So turning to gross margins. I'm always been very passionate about gross margins and where the gross margins can end up in the company. But as we look at where we are in Q2 and we look forward into Q3 and we don't give guidance. So I've got to be careful what I say otherwise. I might get into trouble here with the lawyers. But we do see some modest pressures coming from tariffs in Q3. And in Q4, if the price increase has not materialized, but we think it will.
We will see some reduction in -- through tariffs. But we do believe that the price increase will go some way towards overcoming that. And as I mentioned previously on many calls that we have a hedging strategy in place, so we are not totally exposed to the precise and changes in pricing in the [ LME], but we are we are hedged to a limited extent in the Midwest premium, which is where we'll see the impact of the tariffs.
And our next question today comes from Bonnie Herzog with Goldman Sachs.
Maybe a quick follow-up. Question on that just in terms of your supply chain optimization efforts because Hilton, I know you've been working on that. So if you have any color that you can share with us and sort of where you're at in that process? And then I'd love to hear some color on the category because it's been very strong recently, especially in the U.S., up double digits. So if you could touch on some of the drivers of the recent strength and how sustainable this might be for the rest of the year and maybe into next?

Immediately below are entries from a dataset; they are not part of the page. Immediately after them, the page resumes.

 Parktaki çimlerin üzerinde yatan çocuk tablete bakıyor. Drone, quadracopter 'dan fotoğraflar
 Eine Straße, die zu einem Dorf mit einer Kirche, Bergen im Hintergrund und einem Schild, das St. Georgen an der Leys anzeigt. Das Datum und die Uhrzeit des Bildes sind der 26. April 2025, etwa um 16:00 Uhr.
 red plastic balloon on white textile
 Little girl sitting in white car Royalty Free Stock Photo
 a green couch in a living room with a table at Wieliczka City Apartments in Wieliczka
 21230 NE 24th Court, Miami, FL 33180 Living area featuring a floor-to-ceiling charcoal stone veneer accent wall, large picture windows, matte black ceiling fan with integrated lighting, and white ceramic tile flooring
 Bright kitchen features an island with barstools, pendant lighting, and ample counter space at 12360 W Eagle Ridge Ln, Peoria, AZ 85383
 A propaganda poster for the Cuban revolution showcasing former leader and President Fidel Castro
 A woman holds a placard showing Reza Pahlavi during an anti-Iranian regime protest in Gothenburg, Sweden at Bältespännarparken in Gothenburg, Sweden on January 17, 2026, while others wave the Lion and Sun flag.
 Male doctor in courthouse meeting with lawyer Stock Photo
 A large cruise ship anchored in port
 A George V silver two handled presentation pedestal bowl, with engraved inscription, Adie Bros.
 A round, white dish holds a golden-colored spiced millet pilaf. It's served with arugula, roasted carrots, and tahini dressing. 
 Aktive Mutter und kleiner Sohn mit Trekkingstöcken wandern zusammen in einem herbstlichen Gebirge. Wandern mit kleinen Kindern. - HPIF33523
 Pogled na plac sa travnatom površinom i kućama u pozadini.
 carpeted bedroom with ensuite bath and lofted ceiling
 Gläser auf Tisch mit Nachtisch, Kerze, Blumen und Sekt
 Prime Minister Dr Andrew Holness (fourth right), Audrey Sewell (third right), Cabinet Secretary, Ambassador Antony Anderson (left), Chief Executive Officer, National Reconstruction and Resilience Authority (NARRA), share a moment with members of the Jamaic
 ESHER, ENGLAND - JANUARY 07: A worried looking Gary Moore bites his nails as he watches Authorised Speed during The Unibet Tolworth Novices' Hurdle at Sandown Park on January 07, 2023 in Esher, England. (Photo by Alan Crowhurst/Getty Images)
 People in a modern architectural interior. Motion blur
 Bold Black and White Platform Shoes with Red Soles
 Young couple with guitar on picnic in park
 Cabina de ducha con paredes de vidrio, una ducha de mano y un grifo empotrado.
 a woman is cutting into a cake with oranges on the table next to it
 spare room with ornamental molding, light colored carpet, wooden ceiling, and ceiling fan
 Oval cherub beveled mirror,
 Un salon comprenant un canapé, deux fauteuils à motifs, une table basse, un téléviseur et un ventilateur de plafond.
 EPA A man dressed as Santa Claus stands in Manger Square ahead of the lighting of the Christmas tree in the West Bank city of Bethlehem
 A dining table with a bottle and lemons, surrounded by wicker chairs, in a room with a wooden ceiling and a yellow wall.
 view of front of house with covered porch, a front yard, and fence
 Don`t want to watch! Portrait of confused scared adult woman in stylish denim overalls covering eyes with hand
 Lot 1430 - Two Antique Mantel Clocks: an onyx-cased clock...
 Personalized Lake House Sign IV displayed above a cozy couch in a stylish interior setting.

Okay. So let's talk first about supply chain optimization. What we've been able to achieve is a good balance between our own production, which now accounts for probably just around 10% of our sales in the U.S. and a very well-balanced co-packing model.
Our objective always has been to get the lowest delivered price to our customers. And that's been an objective and it's one of the reasons why we are not producing more in our Phoenix facility because we've got such a great balance of co-packers that are able to achieve that objective of the lowest landed cost price to our customers. So that's supply chain.
Let's talk a little bit about the category. As we said earlier, when we spoke about July sales, sales trends in the category remains strong. Per scanner data, the category is up 13.2% in the last 4 weeks. Monster is up 12%, and our [ MC ] share, unfortunately has been impacted by the other brands, not Monster. And really, we've seen strong increases across all regions.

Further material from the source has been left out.